By the way, what app are you using to edit your videos? I'm beginning to get into editing and photography, because of Swhiskey.


----------



## Marc Davis (Aug 2, 2018)

JMCMark said:


> You know if you pull this off and make it last for years, you will surpass the fish store Ocean Aquarium in san francisco when it comes to bending the rules in this hobby.
> 
> ohh CPD's. Yes yes yes, but I feel like they might just hide at the back most of time. They are gorgeous though and imagine if you get them to breed in that set up. LR Bretz might come knocking at your door and ask for advice.
> 
> By the way, what app are you using to edit your videos? I'm beginning to get into editing and photography, because of Swhiskey.


I have a feeling that the CPD's will feel right at home. I'm yet to keep any fish that has just hidden at the back. Maybe im just lucky. But to tbe honest, if thats what they want to do then its fine. I will allow the tank to get very bushy so they should feel safe anywhere.
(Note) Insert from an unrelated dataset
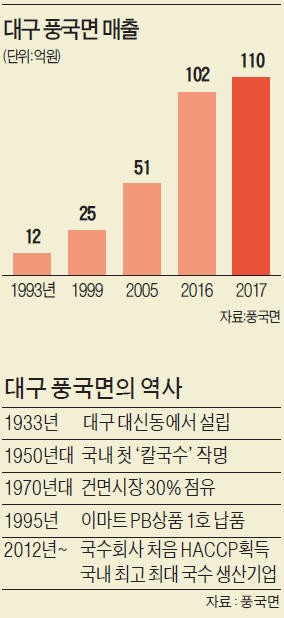 (주)풍국면 이미지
I've made all my videos on my phone (galaxy note 4) using the app "InShot".


----------



## Marc Davis (Aug 2, 2018)

MultiTankGuy said:


> Marc...
> 
> Very nicely done. Don't you need a few fish? Lately, I'm liking Red Eyed Tetras.
> 
> M


I will do but not until the tank is cycled. Will decide nearer the time what to have.

Looks like the option are:

red cherry shrimp, snails, Chili rasbora.
Betta, snails, amano shrimp
Pea puffer, amano, snails for food (would have to have a heater.
Possibly celestial pearl danio, red cherry shrimp and snails

Need help deciding.

More i think about it, a betta would be well suited to the tank size....


----------



## Marc Davis (Aug 2, 2018)

Ok, i've decided on a male betta for the tank when it is finally cycled and grown in a bit. Its too small for anything else really.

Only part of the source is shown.